Questions about the canonical class of a nonsingular projective surface. Let $ X $ be a nonsingular projective surface. Consider the so-called adjunction formula $$ g_{C} = \frac{1}{2}C(C+K_{X}) + 1,   $$ where $ g_{C} $ is the genus of a curve $ C $ on $ X, $ and $ K_{X} $ is the canonical class of $ X. $ 

There is an example of an application of this which I am having a bit of trouble with.

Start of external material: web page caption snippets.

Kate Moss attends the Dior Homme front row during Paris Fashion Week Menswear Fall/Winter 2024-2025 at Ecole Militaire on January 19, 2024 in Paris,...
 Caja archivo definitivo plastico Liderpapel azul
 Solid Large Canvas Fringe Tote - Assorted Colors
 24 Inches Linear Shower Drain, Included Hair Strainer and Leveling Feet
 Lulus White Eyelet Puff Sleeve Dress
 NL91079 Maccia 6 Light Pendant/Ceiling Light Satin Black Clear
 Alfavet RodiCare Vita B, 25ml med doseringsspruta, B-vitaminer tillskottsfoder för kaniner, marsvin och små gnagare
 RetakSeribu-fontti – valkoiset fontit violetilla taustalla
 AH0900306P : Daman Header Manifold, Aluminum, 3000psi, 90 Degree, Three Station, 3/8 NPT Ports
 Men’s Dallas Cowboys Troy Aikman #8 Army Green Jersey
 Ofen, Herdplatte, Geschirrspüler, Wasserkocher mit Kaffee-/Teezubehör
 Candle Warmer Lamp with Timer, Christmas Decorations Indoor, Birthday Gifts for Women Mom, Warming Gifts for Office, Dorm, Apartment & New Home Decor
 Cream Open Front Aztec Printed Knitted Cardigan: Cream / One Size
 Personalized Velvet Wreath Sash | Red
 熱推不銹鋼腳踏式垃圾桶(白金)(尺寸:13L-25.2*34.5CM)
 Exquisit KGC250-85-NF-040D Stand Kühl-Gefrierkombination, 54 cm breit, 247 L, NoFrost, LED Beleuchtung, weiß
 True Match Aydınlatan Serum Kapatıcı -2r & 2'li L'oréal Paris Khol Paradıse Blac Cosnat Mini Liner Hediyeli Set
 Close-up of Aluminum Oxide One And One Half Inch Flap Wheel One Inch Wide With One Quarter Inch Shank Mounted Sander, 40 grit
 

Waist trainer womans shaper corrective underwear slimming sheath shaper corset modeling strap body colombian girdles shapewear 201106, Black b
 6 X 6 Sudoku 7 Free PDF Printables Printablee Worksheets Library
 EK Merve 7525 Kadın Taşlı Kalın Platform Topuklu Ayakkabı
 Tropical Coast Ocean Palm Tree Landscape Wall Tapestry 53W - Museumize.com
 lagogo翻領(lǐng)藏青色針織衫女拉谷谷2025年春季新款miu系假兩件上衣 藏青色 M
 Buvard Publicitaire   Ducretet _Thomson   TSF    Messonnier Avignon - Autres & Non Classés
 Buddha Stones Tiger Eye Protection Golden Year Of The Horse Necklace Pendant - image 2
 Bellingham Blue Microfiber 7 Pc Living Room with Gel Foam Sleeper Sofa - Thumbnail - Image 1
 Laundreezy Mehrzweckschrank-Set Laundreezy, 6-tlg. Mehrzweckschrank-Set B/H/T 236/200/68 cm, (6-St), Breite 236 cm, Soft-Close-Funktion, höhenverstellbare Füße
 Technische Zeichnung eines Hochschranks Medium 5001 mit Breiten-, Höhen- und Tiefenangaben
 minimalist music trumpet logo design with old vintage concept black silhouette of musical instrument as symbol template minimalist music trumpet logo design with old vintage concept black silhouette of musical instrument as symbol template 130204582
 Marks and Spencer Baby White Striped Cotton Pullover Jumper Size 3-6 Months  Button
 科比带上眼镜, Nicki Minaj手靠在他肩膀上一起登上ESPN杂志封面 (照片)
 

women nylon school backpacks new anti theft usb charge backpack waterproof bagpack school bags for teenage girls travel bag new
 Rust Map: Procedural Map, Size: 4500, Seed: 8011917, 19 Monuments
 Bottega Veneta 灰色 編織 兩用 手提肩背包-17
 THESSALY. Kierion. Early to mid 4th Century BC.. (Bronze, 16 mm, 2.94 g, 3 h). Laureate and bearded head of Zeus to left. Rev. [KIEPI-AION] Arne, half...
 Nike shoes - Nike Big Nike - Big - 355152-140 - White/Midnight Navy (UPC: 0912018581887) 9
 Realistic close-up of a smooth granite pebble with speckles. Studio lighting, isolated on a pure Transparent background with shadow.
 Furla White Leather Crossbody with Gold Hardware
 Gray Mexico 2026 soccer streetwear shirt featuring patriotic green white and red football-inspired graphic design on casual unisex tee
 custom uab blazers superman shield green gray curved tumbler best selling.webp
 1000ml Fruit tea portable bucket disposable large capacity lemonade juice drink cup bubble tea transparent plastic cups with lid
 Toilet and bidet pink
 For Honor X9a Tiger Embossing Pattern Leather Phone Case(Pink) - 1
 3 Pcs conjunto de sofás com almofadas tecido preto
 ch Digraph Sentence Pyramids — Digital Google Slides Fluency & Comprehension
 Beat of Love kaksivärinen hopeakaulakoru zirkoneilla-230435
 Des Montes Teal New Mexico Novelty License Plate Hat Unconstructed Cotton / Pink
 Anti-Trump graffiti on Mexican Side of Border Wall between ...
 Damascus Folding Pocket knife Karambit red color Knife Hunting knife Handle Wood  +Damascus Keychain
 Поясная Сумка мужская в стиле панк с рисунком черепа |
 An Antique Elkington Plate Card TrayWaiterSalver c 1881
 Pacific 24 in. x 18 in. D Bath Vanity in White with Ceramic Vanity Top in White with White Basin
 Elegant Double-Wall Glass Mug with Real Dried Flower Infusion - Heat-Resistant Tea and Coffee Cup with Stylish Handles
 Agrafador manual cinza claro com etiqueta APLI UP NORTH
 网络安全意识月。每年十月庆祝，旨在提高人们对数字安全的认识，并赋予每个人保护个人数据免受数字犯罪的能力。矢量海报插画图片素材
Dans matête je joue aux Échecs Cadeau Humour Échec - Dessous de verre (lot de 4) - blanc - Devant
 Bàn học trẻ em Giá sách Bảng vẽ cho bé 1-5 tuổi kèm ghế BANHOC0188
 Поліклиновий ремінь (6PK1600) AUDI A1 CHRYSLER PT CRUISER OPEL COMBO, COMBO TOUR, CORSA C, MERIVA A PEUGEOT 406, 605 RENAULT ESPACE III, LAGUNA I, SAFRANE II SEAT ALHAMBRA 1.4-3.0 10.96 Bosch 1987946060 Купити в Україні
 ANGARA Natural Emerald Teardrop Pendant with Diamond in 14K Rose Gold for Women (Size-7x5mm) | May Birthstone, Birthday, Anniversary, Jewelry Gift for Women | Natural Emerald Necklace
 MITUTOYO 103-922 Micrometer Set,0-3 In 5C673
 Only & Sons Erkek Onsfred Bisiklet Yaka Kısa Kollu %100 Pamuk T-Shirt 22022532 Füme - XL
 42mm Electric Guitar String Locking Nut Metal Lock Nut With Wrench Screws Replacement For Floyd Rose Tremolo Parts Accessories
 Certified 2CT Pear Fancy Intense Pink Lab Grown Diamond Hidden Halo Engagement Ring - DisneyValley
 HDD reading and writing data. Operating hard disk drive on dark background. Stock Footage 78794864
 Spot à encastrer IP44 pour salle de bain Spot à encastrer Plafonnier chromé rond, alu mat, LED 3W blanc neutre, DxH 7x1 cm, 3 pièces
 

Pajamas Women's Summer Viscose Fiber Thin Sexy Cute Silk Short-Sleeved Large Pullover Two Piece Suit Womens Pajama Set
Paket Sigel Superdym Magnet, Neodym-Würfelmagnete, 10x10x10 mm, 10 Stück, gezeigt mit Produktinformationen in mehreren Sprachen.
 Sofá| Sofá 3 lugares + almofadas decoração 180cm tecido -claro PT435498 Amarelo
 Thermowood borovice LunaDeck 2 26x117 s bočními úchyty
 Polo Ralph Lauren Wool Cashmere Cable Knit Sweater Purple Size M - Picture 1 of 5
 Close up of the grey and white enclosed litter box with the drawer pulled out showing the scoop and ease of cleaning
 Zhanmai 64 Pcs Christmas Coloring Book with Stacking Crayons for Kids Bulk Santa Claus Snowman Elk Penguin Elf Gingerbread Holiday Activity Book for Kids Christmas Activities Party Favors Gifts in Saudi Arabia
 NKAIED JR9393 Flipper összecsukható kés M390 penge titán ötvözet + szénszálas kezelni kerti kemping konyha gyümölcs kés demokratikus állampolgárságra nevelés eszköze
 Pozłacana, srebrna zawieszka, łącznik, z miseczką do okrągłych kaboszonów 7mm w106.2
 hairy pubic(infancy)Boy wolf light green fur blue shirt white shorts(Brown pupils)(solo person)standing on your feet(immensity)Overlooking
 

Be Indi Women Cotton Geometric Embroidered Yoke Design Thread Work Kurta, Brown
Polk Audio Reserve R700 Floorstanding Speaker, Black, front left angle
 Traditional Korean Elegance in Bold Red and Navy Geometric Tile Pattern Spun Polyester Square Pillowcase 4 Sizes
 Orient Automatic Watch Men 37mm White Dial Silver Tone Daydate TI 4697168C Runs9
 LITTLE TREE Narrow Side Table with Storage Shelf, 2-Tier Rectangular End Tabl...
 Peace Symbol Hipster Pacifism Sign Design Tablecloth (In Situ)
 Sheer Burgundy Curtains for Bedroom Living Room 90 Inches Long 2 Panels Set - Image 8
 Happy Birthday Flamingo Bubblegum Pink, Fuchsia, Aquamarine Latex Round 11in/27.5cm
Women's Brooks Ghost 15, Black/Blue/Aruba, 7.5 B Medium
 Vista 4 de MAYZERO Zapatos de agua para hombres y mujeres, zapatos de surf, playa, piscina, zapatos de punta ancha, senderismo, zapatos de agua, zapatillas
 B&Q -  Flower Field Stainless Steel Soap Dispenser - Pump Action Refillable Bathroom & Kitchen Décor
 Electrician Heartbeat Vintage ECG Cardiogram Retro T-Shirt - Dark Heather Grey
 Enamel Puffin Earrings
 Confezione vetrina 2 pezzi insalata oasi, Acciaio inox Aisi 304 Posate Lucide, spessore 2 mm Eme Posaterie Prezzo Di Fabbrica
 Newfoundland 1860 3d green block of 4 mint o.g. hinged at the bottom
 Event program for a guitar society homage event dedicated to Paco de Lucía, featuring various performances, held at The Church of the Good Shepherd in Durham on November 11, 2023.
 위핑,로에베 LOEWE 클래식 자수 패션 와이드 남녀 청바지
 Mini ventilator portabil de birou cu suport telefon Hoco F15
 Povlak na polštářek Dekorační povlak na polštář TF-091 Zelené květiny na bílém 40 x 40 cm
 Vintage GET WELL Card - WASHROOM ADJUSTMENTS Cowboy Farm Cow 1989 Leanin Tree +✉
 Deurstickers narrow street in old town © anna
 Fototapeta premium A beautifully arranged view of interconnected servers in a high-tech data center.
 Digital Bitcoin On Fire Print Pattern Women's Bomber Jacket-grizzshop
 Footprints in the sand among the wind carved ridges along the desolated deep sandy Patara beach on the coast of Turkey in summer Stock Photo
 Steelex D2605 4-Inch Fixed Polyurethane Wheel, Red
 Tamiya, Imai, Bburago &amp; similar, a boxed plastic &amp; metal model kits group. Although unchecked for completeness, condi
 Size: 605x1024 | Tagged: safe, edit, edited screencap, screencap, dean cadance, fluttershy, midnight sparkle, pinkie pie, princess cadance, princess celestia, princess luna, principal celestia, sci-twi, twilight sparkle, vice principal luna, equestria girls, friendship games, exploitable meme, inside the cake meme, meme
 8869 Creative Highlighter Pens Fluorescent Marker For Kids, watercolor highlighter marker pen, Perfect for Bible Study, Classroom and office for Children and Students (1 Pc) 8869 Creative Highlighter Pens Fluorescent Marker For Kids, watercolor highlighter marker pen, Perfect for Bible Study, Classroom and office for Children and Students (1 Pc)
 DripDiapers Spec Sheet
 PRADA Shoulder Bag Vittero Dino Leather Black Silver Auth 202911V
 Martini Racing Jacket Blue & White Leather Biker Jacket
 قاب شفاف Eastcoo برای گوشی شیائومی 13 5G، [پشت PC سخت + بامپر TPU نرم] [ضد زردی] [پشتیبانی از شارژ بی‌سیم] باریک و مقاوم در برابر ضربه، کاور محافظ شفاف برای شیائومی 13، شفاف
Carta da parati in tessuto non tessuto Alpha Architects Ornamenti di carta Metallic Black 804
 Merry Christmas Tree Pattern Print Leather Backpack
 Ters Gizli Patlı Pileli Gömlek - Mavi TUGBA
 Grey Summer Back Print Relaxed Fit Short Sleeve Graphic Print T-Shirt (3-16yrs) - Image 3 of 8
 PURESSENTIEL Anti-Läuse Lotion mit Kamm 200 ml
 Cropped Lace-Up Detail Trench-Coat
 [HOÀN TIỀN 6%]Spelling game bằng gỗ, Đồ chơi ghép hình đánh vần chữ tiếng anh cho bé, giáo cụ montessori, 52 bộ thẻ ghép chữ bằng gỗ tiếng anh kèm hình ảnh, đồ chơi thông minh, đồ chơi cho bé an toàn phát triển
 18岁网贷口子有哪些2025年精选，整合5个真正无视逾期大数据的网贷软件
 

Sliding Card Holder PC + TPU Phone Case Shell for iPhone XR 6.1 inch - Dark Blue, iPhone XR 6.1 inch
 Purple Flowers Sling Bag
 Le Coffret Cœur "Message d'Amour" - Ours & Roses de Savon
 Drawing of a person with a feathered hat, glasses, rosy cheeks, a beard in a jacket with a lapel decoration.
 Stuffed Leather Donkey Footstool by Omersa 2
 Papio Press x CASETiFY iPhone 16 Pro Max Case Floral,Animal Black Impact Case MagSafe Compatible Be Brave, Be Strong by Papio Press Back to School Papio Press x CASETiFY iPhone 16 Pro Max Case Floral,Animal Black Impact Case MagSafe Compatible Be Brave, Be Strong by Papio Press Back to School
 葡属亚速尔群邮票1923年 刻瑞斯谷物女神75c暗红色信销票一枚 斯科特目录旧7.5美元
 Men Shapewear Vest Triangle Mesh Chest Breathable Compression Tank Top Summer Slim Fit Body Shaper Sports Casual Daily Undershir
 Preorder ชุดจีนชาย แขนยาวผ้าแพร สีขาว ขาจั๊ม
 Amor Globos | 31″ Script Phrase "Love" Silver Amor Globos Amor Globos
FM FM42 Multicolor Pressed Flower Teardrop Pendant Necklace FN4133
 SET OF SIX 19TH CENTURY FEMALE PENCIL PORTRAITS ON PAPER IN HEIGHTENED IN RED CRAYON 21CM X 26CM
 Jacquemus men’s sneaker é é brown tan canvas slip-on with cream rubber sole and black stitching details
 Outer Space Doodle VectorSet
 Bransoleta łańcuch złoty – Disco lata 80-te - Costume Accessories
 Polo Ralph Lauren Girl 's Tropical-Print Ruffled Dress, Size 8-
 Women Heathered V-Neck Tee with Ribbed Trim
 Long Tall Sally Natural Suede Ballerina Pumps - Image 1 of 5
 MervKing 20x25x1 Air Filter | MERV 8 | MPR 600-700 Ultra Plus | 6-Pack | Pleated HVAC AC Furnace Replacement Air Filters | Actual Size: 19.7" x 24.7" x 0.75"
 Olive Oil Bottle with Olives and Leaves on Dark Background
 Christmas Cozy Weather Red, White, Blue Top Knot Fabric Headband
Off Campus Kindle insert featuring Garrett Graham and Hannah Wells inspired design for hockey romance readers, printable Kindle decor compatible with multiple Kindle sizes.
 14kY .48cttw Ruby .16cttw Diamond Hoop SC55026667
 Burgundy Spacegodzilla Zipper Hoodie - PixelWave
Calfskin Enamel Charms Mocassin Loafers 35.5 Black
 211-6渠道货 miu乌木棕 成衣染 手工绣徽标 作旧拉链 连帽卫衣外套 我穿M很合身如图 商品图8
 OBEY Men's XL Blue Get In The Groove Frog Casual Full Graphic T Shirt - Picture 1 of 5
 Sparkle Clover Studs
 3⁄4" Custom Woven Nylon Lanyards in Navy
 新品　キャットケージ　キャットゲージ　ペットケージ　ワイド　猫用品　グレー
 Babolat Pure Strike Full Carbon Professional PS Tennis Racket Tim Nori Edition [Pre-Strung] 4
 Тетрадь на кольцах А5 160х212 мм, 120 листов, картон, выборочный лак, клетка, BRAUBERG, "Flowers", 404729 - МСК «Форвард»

Let $ X = \mathbb{P}^{2} $ then $ \operatorname{Cl}X = \mathbb{Z}, $ with generator $ L, $ the class containing all the lines of $ \mathbb{P}^{2}. $ If $ C \subset \mathbb{P}^{2} $ has degree $ n $ then $ C \sim nL. $ In view of $ K = -3L $ and $ L^{2} = 1, $ in this case the adjunction formula  yields $$ g = \frac{n(n-3)}{2} + 1 = \frac{(n-1)(n-2)}{3}. $$

(1) I'm not sure why $ C $ is linearly equivalent to $ nL. $ 
(2) I don't really see why $ K = -3L, $ because I don't know how to calculate $ K_{X} $ for $ X = \mathbb{P}^{2}. $ I know that the canonical class $ K_{X} = \operatorname{dim}_{k}\Omega^{n}(X), $ but I'm not sure where to go from here.  
 A: For question 1), consider the line bundle associated to each divisor: they're both $\mathcal{O}(n)$.
For 2), recall that the canonical sheaf of a smooth variety is just the sheaf of top differential forms, which can be calculated by taking the top exterior power of the sheaf of differential forms. By the Euler exact sequence $$0\to \Omega_{\Bbb P^n}^1 \to \mathcal{O}_{\Bbb P^n}(-1)^{n+1} \to \mathcal{O}_{\Bbb P^n} \to 0 $$ we get that $\Omega^n_{\Bbb P^n} \cong (\bigwedge^n\Omega^1_{\Bbb P^n})\otimes(\mathcal{O}_{\Bbb P^n})\cong \bigwedge^{n+1}\mathcal{O}_{\Bbb P^n}(-1)^{n+1}\cong \mathcal{O}_{\Bbb P^n}(-n-1)$. So $\Omega_{\Bbb P^2}^2=\mathcal{O}_{\Bbb P^2}(-3)$ as requested.
A: Here's another answer from a slightly different perspective.
1) Let $F(X,Y,Z) = 0$ be the equation for $C$. If $(s:t)$ are homogeneous coordinates on $\mathbb P^1$, then $sF + tX^n = 0$ is a flat family of curves over $\mathbb P^1$ with both $C$ and an $n$-fold line as fibers. If you don't like non-reduced schemes, you could replace $x^n$ with any product of $n$ distinct linear forms in $X,Y,Z$ and the same thing happens.
2) One way to calculate the degree of the canonical bundle is to just write down a section and examine its zeros and poles. So start with one chart with coordinates $(x,y)$, and consider the form $dx \wedge dy$. We'll assume this is the $Z\ne 0$ chart, so $(x,y) = (X/Z,Y/Z)$. Now if we look in the $Y \ne 0$ chart, we have coordinates $(x',z') = (X/Y,Z/Y)$, yielding $x = x'/z'$ and $y = 1/z'$. Plugging in the transition functions, we get $dx \wedge dy = \left(\frac{dx'}{z'} - \frac{x'dz'}{(z')^2}\right)\wedge\left(-\frac{dz'}{(z')^2}\right) = \frac{dx' \wedge dz'}{(z')^3}$. I won't do the calculation in the last chart because it's basically the same. The upshot is that this $2$-form has no zeroes, and a pole of order $3$ along the line $Z=0$. Thus the class of the canonical bundle is $-3L$.